Paying our fair share of tax

Jo Holmes
Tuesday 20th June, 2023

For Fair Tax Week 2023, I took part in a webinar to discuss why it’s important to consider tax when thinking more broadly about being a responsible business.

I’ll start by saying I’m not a tax expert – this webinar was much more about what sustainability and ESG (environmental, social, governance) mean for a business and why it’s important to think about how a company behaves when it comes to its role in society. And our role in society is clear – we’re part of the infrastructure and our products contribute to our cities and towns. So investing in those cities and towns is crucial and that starts with paying our fair share of tax.

For years, global communications firm Edelman has been publishing trust barometer reports based on their research on trust in different institutions such as government and business. One of their 2022 Trust Barometer reports showed that in general, business is trusted to do what is right – 62% of respondents agreed with this, compared with NGOs (59%), government (56%) and media (52%). Their 2023 Global Report stated that business is still the only trusted institution. So as a business, we have a lot to live up to.

I’m proud to say that Marshalls has been accredited with the Fair Tax Mark since 2015. Having this accreditation means we pay the right amount of tax, at the right time, in the right place. We’re committed to transparency and having the Fair Tax Mark tells our stakeholders that we’re serious about being a responsible business.

Getting accreditation from the Fair Tax Foundation is not easy. It all starts with our annual financial accounts which are approved by external auditors. The accounts are then passed on to the Fair Tax Foundation who check that everything is in line with their expectations and accreditation criteria. It’s a rigorous process which is aligned to our overall disclosure and reporting strategy.

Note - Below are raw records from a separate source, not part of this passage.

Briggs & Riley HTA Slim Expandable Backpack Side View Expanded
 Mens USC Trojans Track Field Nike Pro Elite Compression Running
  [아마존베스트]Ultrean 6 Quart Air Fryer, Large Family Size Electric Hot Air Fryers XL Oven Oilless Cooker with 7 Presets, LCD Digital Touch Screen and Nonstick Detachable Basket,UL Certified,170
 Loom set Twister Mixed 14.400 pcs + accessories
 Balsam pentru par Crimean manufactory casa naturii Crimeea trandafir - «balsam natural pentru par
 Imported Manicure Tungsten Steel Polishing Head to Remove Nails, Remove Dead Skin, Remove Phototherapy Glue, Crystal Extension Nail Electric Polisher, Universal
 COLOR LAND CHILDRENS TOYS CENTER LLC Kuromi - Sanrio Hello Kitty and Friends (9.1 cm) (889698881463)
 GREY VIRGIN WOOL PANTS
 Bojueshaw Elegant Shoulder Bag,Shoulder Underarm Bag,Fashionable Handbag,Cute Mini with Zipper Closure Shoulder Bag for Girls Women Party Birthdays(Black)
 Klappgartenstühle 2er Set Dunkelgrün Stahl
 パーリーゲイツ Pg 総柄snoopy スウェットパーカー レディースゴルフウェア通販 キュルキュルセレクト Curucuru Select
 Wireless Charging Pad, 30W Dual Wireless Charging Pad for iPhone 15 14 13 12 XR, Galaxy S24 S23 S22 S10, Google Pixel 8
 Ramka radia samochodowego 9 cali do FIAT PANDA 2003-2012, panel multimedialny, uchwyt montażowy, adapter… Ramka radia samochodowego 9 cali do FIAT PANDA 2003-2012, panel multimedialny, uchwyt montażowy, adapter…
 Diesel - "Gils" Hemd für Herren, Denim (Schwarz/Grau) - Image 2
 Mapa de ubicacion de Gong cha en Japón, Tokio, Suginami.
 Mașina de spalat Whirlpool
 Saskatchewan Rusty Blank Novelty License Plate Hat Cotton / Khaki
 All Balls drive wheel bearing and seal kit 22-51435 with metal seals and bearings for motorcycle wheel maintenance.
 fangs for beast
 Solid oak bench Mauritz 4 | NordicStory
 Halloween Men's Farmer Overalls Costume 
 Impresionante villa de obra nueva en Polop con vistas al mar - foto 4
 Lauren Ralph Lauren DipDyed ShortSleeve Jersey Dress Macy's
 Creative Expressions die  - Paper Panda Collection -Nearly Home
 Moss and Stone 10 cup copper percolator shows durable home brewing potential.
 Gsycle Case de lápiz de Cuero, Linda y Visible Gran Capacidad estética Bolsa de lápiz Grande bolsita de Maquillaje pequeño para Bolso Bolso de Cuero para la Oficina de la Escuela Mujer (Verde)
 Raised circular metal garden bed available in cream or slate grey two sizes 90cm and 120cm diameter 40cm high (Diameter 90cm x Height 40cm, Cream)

We disclose more than is legally required – because it’s the right thing to do. But the ESG disclosure landscape is changing and there are some interesting developments. A new term has emerged called ‘greenhushing’ – when a business under-reports or hides its sustainability credentials in order to evade investor scrutiny. This is completely at odds with the push for more disclosure from various bodies around the world – the CSRD (Corporate Sustainability Reporting Directive) in the EU is now mandating companies to disclose their sustainability data and the ISSB (International Sustainability Standards Board) is pushing for a more level playing field for corporates disclosing their ESG credentials for investors.

It’s interesting to note that ESG ratings agencies – companies who rate corporate sustainability performance for investors – don’t yet highly rate responsible tax conduct. But surely a company that pays exactly what it should, in the country where it operates and in a timely manner demonstrates responsible corporate behaviour? Let’s hope that moving forward ratings agencies will value this appropriately. And in the meantime, we’ll continue to do what we’ve always done, in line with Fair Tax standards.